Is anyone here successfully doing speech-to-text and/or voice control of their computer with free software and without losing privacy (i.e., not sending your voice to Google/Apple servers to be turned into text)?
If so:
What speech recognition software are you using?
What OS/distribution are you using? PureOS? Debian? Qubes? Something else?
What computer are you using? Librem 13/15? Librem 5? Something else?
What microphone are you using? Built-in? Something else?
[This topic properly belongs in several categories but it appears that Discourse requires it to live in only one category. Sorry for the somewhat arbitrary choice of the “Librem” category.]
no since only M$, Apple and a few others have successfully implemented a close to reliable hw/sw solution
speech-to-text requires a pretty good microphone and speech analysis program to be able to interpret correctly what i’m saying and currently aliases and scripts in GNU/Linux distros can do that way more easily and efficiently …
Hey @Joe, I’ve been playing around with snips.ai and it was working quite well with an additional Respeaker Hat on the Raspberry Pi3. And they even claimed to have their Speech-To-Text engine optimized for the imx8m used in the Librem 5. Unfortunately they’ve been acquired by Sonos and stopped their maker offering.
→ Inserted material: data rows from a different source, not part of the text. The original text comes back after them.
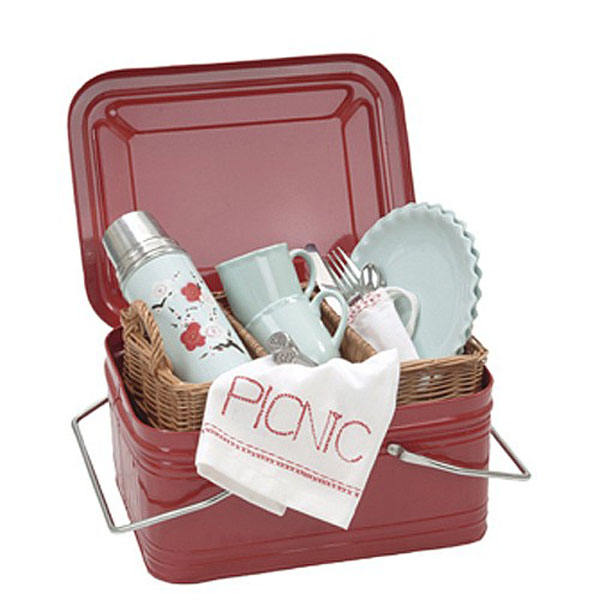 Blyton Tin Picnic Basket for 2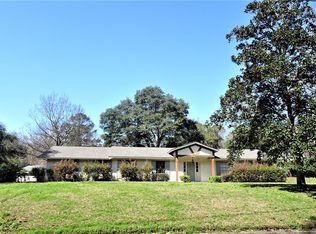 203 Glenwood Dr, Natchez, MS 39120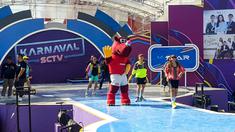 Maskot Piala Dunia U-17, Bacuya ikut menari saat acara off air senam massal pagi saat Karnaval SCTV yang digelar di Menara Pandang Teratai Purwokerto, Jawa Tengah pada Sabtu (23/09/2023). (Dok. SCTV)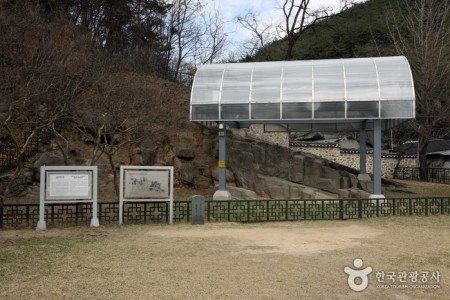 Goryeong Janggi-ri Rock Art (고령 장기리 암각화)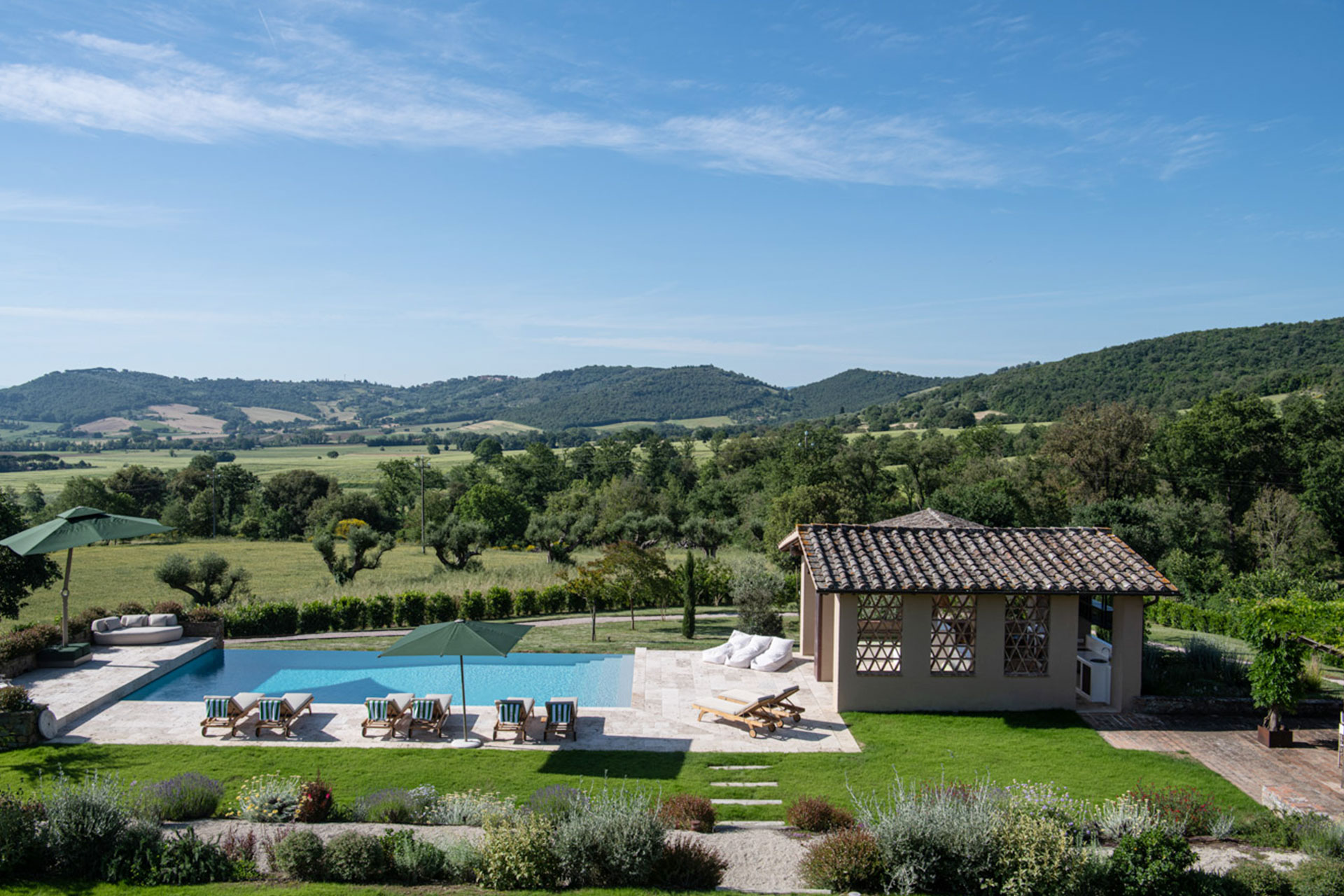casa-montemelino_estate_umbria-italy_exterior-view.jpg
I’d like to add and ask a related question, if there is anyone here able to answer: isn’t there two types of methods to do voice commands - one that is more private and one that isn’t? Type A: in the device and using specific identifiable commands linked to actions, where selection and variation of identified commands and users is limited, but also may be resource intensive. And B: outside of device, because larger range of commands and more natural language is aimed to be used, hence more resources and data are needed. The type B obviously being problematic from security standpoint. But isn’t the limited type A still possible and done - weren’t there this type of apps already in the 486 era? Could in device be done now?
“In device” was done on 486/Pentium in the late 90’s by IBM on OS/2 Warp.
Voice Command let you record a sound snippet (didn’t have to be your voice) that you would associate with a Shadow (far superior, but somewhat similar to a Shortcut or Symbolic Link). If VC was on, and it heard the snippet, it would execute the program/script called by the Shadow. It worked very well out of the box on plain vanilla Warp.
Voice Type Dictation would use speech recognition to let you dictate into whatever textbox had focus. This worked OK if you took the time to train it to your voice.
I bring up this ancient history because Big Blue recently bought Red Hat, and in a world where even M$ Open Source, it doesn’t seem unreasonable to think that IBM might release the code. I would love to have these features in PureOS, with the power of the FLOSS community behind it.
yes probably but i haven’t yet seen anything that is of universally acceptable quality to what the classic keyboard can offer … it’s like : "Sry could you speak up ? what was that ? you want to go to pawn-hub or the porn-hub ? etc. the simple nuances are the tricky ones … and some are quite embarrassing to get wrong …
if you want an open source speech to text engine there is DeepSpeech from Mozilla.
There is even a version build for AMR64 Debian.
But I think it’s still a long way from the converted text to a complete voice control solution.
Do you mean speech to text? Which is definitely a challenge. I was thinking more like, identifying certain sounds/words that correspond to pre-set commands or scripts. So you can… minimize your browsers and open a spreadsheet hands free… with just one short word.
even for short words/commands there are still voice fluctuations/inflections/tone/etc that can result in quite different commands being input … what if instead of an intended command your computer interprets that you wanted to blow up your entire disk space (knock on wood) ?
Which would only happen, if I have that script pre-set for that. And have a codeword for it that is close to my other codewords. And I’d be delighted that my secure data-nuke worked because I have backups…?
But, again, that’s why you train your program to identify the parameters within which it identifies your speech/words. Or so I very vaguely remember from the 90’s system logic that @Photon described.
Edit to add: James McClain’s Speech Command / Palaver for Ubuntu is in Github but needs a recognition API…
Edit to add2: And also Simon, which seems to fit my description.
True, but Voice Command did work very well. As I remember my experimentation, it worked on the overall waveform/length of a snippet, not by voiceprint/speech-to-text/execute text. My little kids would surreptitiously enter my office while I was working and yell, “Play DOOM!”, then run out howling with laughter. It was funny only because DOOM would start up in full-screen and they would then yell, “Mom! Dad’s playing Doom again!”